The good news is that dredging is soon going to become a thing of the past.
A recent report from the Environmental Defense Council ominously concludes, “In the next 100 years it is predicted that a combination of subsidence and global warming will cause this area to experience a relative sea-level rise of from two to three feet. Impacts from this accelerated sea-level rise are expected to include greater damage from wave action on the Eastern Shore of the Bay, intrusion of saline waters into freshwater marshes and an inundation of wetlands. Some islands in the Bay, including historic Poplar Island, could become completely submerged.”
Some folks might wonder who cares about Poplar Island, or any of those other forgotten islands where people cling to the past. Fair enough.
How about Annapolis? Big chunks of Eastport will be underwater, along with City Dock. The flooding will not be limited to our historic state capital. Much of Deale and Shady Side will vanish under the waves. Ocean City, Assateague and Chincoteague islands will be sinking into oblivion.
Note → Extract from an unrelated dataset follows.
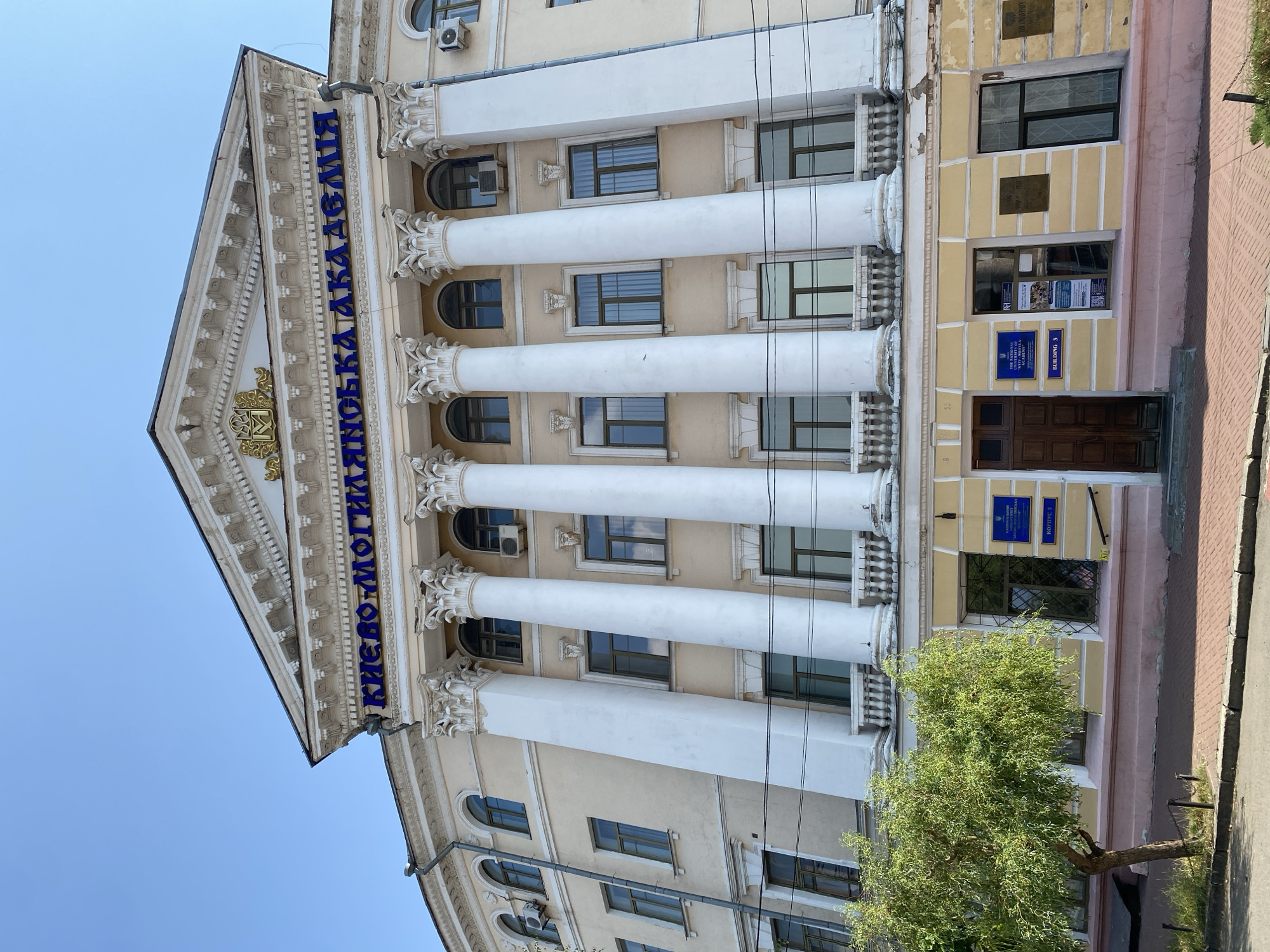 The image shows the facade of a large, classical-style building under a clear blue sky. The building is painted a pale yellow with white Corinthian columns supporting a pediment. Above the columns, blue lettering reads "КИЄВО-МОГИЛЯНСЬКА АКАДЕМІЯ" (Kyiv-Mohyla Academy). Below this, a golden emblem is visible within the pediment. The lower part of the building has a light pink base and several windows. To the left of the building, a small tree with green foliage stands on a paved sidewalk. The scene appears to be a sunny day in a city, likely an academic institution given the lettering.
With 93,600 miles of coastline, the United States has 15,000 square miles of coastal wetlands and 2,500 miles of barrier islands. All gone by the next century. Children born in the year 2007 will spend their adult life looking down the barrel of their booby-trapped inheritance as the relics of today’s beachfront world are relentlessly swallowed by the sea.
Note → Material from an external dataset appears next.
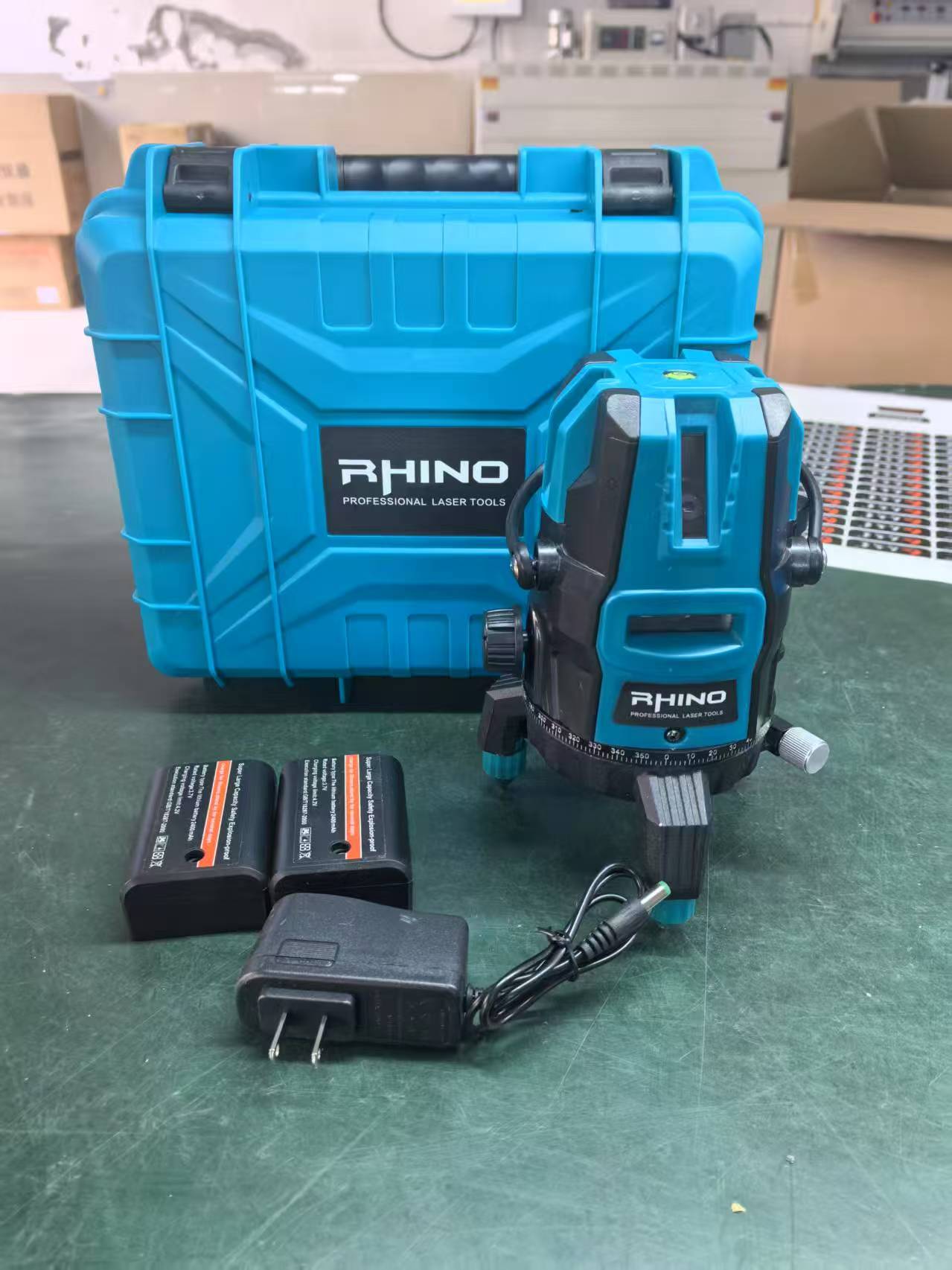 Máy laser 5 tia xanh RHINO DÀI siêu sáng RH-005 Hộp nhựa xanh_10C/T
There’s a scene at the end of the Wizard of Oz where the Wicked Witch screams, “I’m melting!” That’s a good one to remember because last year was the warmest on record after a record-setting decade of heat and disaster around the planet. Even more alarming, the Arctic polar ice cap is warming twice as fast as the rest of the earth.
The Ward Hunt Ice Shelf is the largest block of ice in the Arctic. In the last two years, it has begun to crumble. When it breaks loose, it’s going to be like dropping the world’s biggest ice cube into the Arctic Ocean. The water in the planetary glass will rise accordingly. That’s why it matters when you hear that the poles are melting. If just Greenland were to melt, the oceans would rise 20 feet.
Villages along the Alaskan coast are already experiencing this inexorable rise in sea level. They are the climate canaries of the planet. As these native people abandon their homes and move to higher ground, they are lighting the way toward our dim and terrible future.
Like a perpetual motion machine, the melting ice caps accelerate global warming as more of the sun’s heat is absorbed by the planet, further speeding the warming. As the cold water warms, it gets less dense and expands; sea level rises even more, and it’s adios for most of Louisiana, Florida, and the low-lying areas of the Chesapeake Bay.
More than half the people in the Mid-Atlantic region live near the coast. Many of us got a bitter taste of what this global warming thing is all about a few years back when Hurricane Isabel hit us with a nine-foot storm surge. Many people still haven’t picked up the pieces of their shattered lives, and disaster relief is in short supply. The writing is on the wall. Allstate Insurance Co. just announced it would no longer insure folks building new homes next to Chesapeake Bay. Waterfront is fast becoming the dead zone.
There’s a spooky exhibit at the Museum of Natural History that what ifs a cataclysmic climate change for Washington. Imagine … “If sea level rises one foot, a major storm surge would push the Potomac River over its banks, flooding the park along the river and the Reflecting Pool. The Jefferson Memorial would become an island. If it rises two feet, a major storm surge would nearly encircle the Washington Monument and completely surround the Internal Revenue Service, the National Museum of Natural History and the National Gallery of Art. Muddy waters would even reach the grounds of the U.S. Capitol.”
Okay, that last one and the IRS might not be such a bad thing. But all the rest?